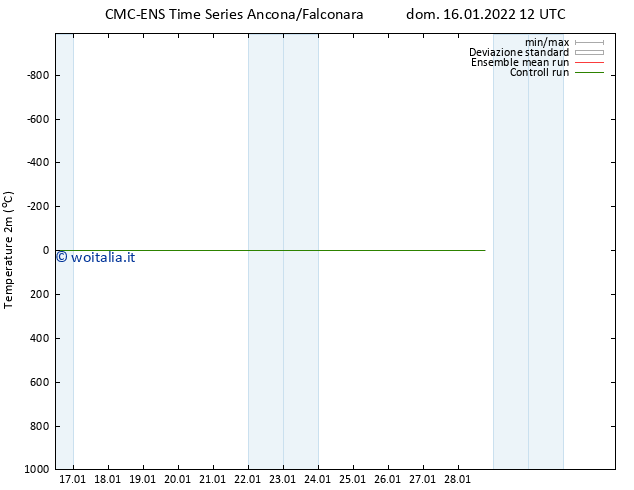 Temperatura (2m) CMC TS dom 16.01.2022 12 UTC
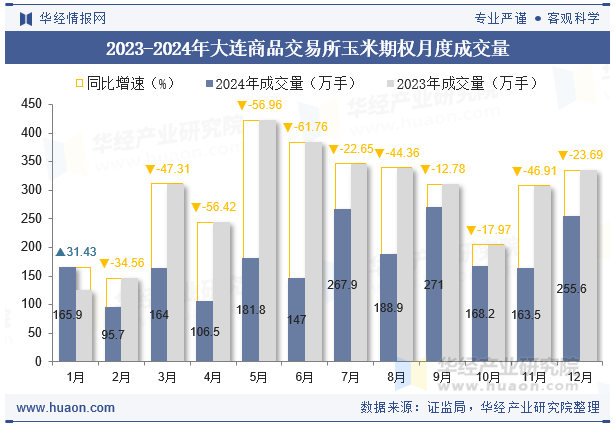 2023-2024年大连商品交易所玉米期权月度成交量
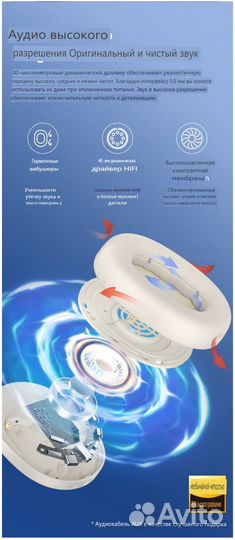 Беспроводные наушники Xiaomi Haylou S35 ANC новые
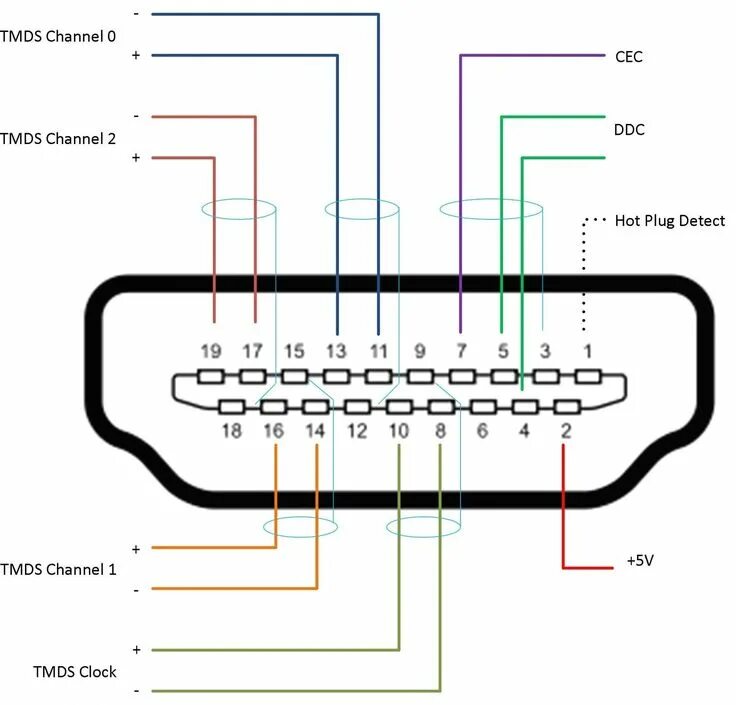 Подключение кабеля hdmi к компьютеру Hdmi to Rca Wiring Daigram Best Of Hdmi, Vga connector, Hdmi cables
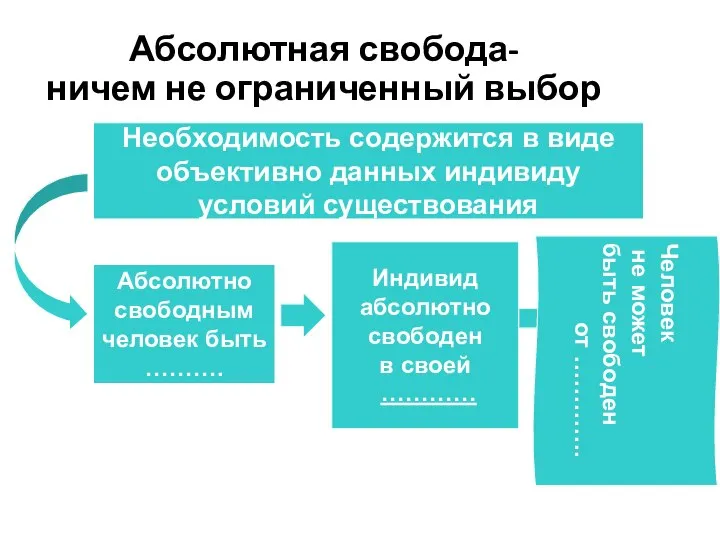 Абсолютная свобода- ничем не ограниченный выбор Необходимость содержится в виде объективно данных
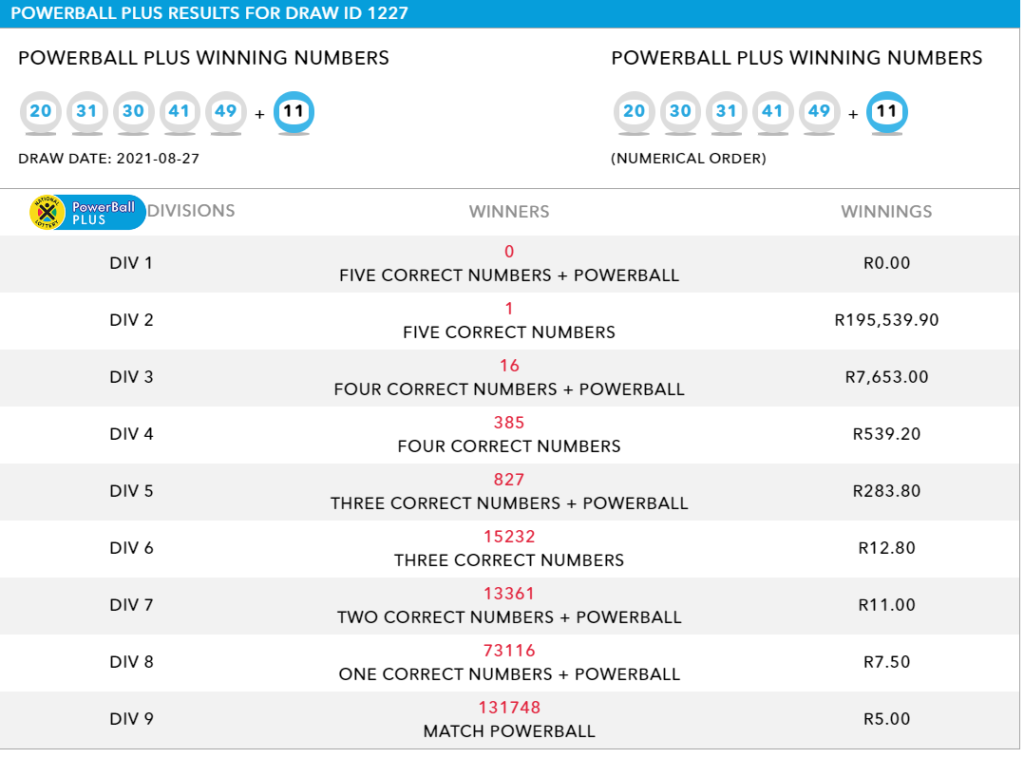 MRandom News Powerball results for today 2021 payouts - 31 august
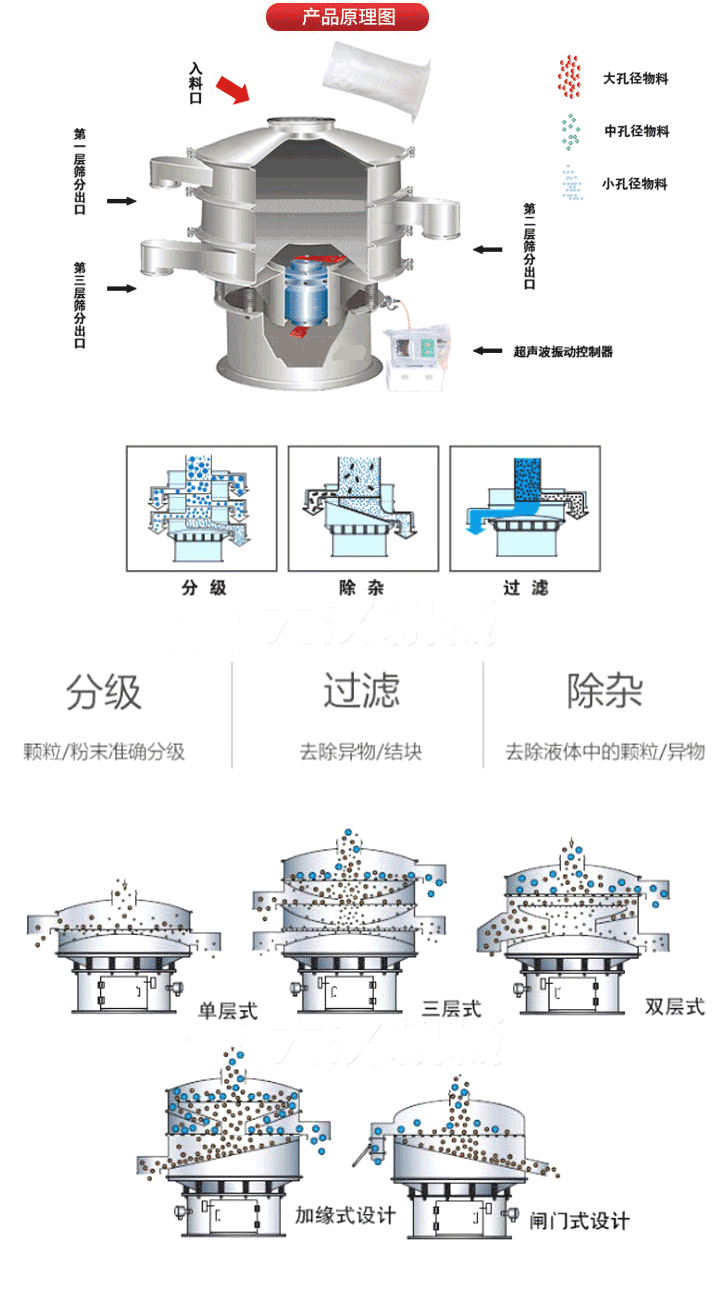 超聲波振動(dòng)篩工作原理:將220V、50Hz或110V、60Hz電能輸入超聲波電源通過超聲波換能器轉(zhuǎn)化為18KHz的高頻電能,該系統(tǒng)在傳統(tǒng)的振動(dòng)篩基礎(chǔ)上在篩網(wǎng)上引入一個(gè)低振幅、高頻率的超聲振動(dòng)波（機(jī)械波），以改善超微細(xì)分體的篩分性能。從而解決了強(qiáng)吸附性、易團(tuán)聚、高靜電、高精細(xì)、高密度、輕比重等篩分難題。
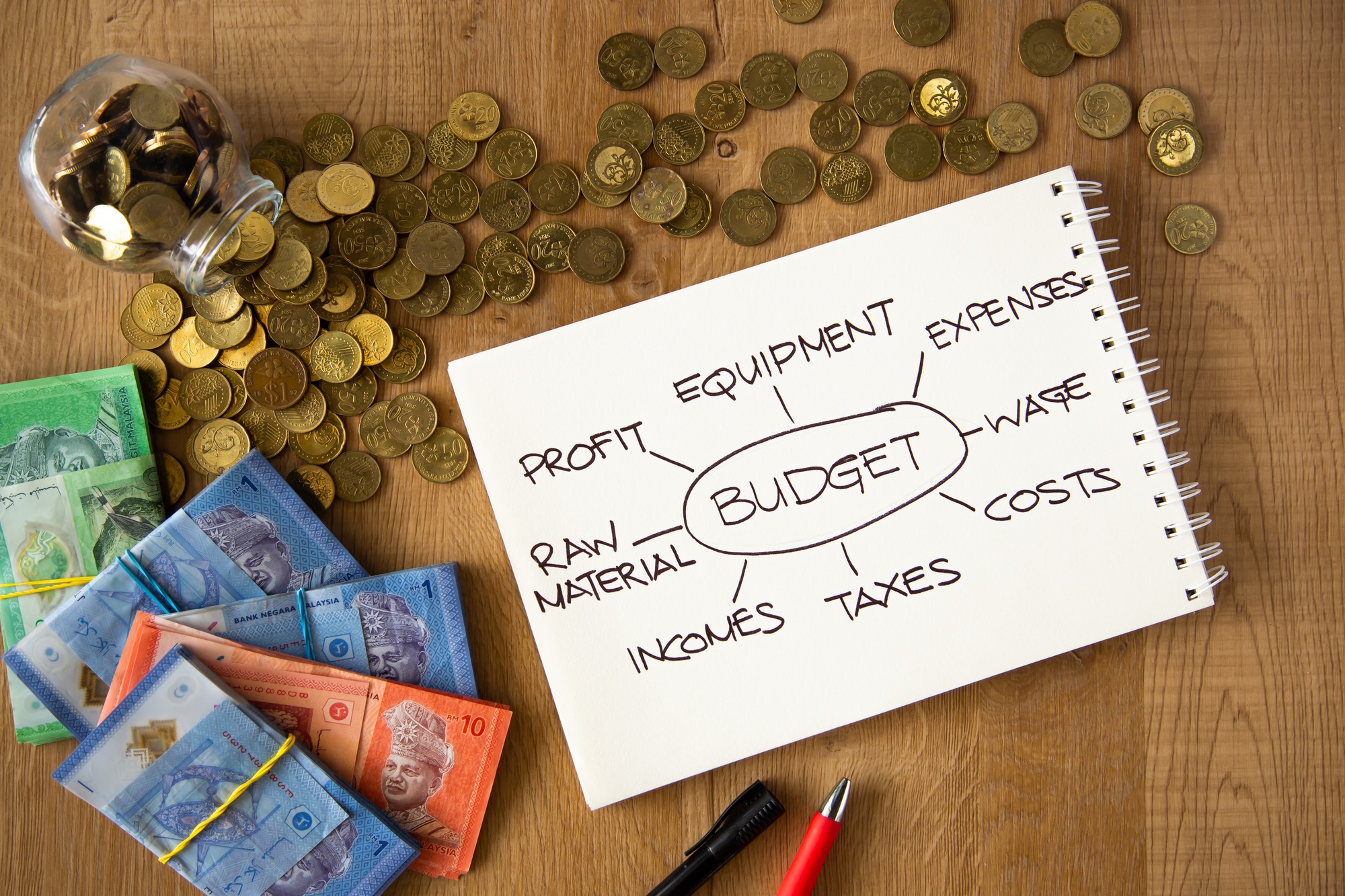 Budgeting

┄┄┄┄┄┄

> Work request: The output must start at the line holding "Абсолютная свобода- ничем", end at the last line of the listing above, and show each line exactly; please omit all pictures.

> Solution to the exercise:
 Абсолютная свобода- ничем не ограниченный выбор Необходимость содержится в виде объективно данных
 MRandom News Powerball results for today 2021 payouts - 31 august
 超聲波振動(dòng)篩工作原理:將220V、50Hz或110V、60Hz電能輸入超聲波電源通過超聲波換能器轉(zhuǎn)化為18KHz的高頻電能,該系統(tǒng)在傳統(tǒng)的振動(dòng)篩基礎(chǔ)上在篩網(wǎng)上引入一個(gè)低振幅、高頻率的超聲振動(dòng)波（機(jī)械波），以改善超微細(xì)分體的篩分性能。從而解決了強(qiáng)吸附性、易團(tuán)聚、高靜電、高精細(xì)、高密度、輕比重等篩分難題。
 Budgeting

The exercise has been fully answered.